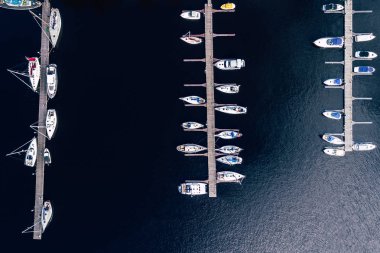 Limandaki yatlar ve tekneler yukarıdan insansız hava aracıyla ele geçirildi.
---
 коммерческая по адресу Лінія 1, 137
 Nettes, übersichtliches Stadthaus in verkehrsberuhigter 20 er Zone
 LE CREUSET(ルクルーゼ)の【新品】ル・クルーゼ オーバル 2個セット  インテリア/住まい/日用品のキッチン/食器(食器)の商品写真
---
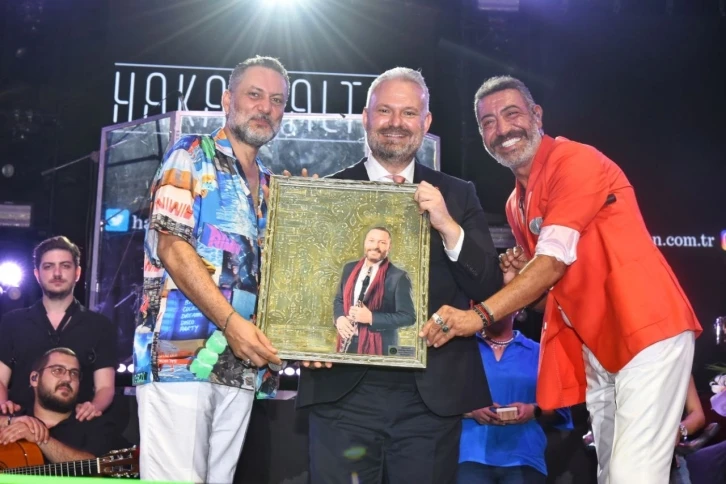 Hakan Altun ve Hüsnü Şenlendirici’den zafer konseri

Work instructions:
In the entries above, the lines from the one bearing "Nettes, übersichtliches Stadthaus" up to and including the one bearing "LE CREUSET(ルクルーゼ)の【新品】ル・クルーゼ オーバル" should be transcribed exactly; no other line is wanted.

Answer section:
 Nettes, übersichtliches Stadthaus in verkehrsberuhigter 20 er Zone
 LE CREUSET(ルクルーゼ)の【新品】ル・クルーゼ オーバル 2個セット  インテリア/住まい/日用品のキッチン/食器(食器)の商品写真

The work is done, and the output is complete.